Can you try this hack? It's against -git + for-5.19/io_uring. If you let
me know what base you prefer, I can do a version against that. I see
about a 3% win with io_uring with this, and was slower before against
linux-aio as you saw as well.
Another thing to try - get rid of the IPI for TWA_SIGNAL, which I
believe may be the underlying cause of it.


Resurrecting an old thread. I have a question about timeliness of 
completions. Let's assume a request has completed. From the patch, it 
appears that io_uring will only guarantee that a completion appears on 
the completion ring if the thread has entered kernel mode since the 
completion happened. So user-space polling of the completion ring can 
cause unbounded delays.


If this is correct (it's not unreasonable, but should be documented), 
then there should also be a simple way to force a kernel entry. But how 
to do this using liburing? IIUC if I the following apply:


 1. I have no pending sqes

 2. There are pending completions

 3. There is a completed event for which a completion has not been 
appended to the completion queue ring


Then io_uring_wait_cqe() will elide io_uring_enter() and the 
completed-but-not-reported event will be delayed.

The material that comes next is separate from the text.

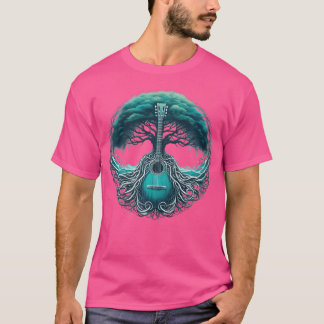 Guitar Lake Acoustic Guitar Tree By The Lake Guita T-Shirt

diff --git a/fs/io-wq.c b/fs/io-wq.c
index 32aeb2c581c5..59987dd212d8 100644
--- a/fs/io-wq.c
+++ b/fs/io-wq.c
@@ -871,7 +871,7 @@ static bool io_wq_for_each_worker(struct io_wqe *wqe,
  
  static bool io_wq_worker_wake(struct io_worker *worker, void *data)
  {
-	set_notify_signal(worker->task);
+	set_notify_signal(worker->task, true);
  	wake_up_process(worker->task);
  	return false;
  }
@@ -991,7 +991,7 @@ static bool __io_wq_worker_cancel(struct io_worker *worker,
  {
  	if (work && match->fn(work, match->data)) {
  		work->flags |= IO_WQ_WORK_CANCEL;
-		set_notify_signal(worker->task);
+		set_notify_signal(worker->task, true);
  		return true;
  	}
  
diff --git a/include/linux/sched/signal.h b/include/linux/sched/signal.h
index 3c8b34876744..ac1f14973e09 100644
--- a/include/linux/sched/signal.h
+++ b/include/linux/sched/signal.h
@@ -359,10 +359,10 @@ static inline void clear_notify_signal(void)
   * Called to break out of interruptible wait loops, and enter the
   * exit_to_user_mode_loop().
   */
-static inline void set_notify_signal(struct task_struct *task)
+static inline void set_notify_signal(struct task_struct *task, bool need_ipi)
  {
  	if (!test_and_set_tsk_thread_flag(task, TIF_NOTIFY_SIGNAL) &&
-	    !wake_up_state(task, TASK_INTERRUPTIBLE))
+	    !wake_up_state(task, TASK_INTERRUPTIBLE) && need_ipi)
  		kick_process(task);
  }
  
diff --git a/kernel/livepatch/transition.c b/kernel/livepatch/transition.c
index 5d03a2ad1066..bff53f539933 100644
--- a/kernel/livepatch/transition.c
+++ b/kernel/livepatch/transition.c
@@ -367,7 +367,7 @@ static void klp_send_signals(void)
  			 * Send fake signal to all non-kthread tasks which are
  			 * still not migrated.
  			 */
-			set_notify_signal(task);
+			set_notify_signal(task, true);
  		}
  	}
  	read_unlock(&tasklist_lock);
diff --git a/kernel/task_work.c b/kernel/task_work.c
index c59e1a49bc40..47d7024dc499 100644
--- a/kernel/task_work.c
+++ b/kernel/task_work.c
@@ -51,7 +51,7 @@ int task_work_add(struct task_struct *task, struct callback_head *work,
  		set_notify_resume(task);
  		break;
  	case TWA_SIGNAL:
-		set_notify_signal(task);
+		set_notify_signal(task, false);
  		break;
  	default:
  		WARN_ON_ONCE(1);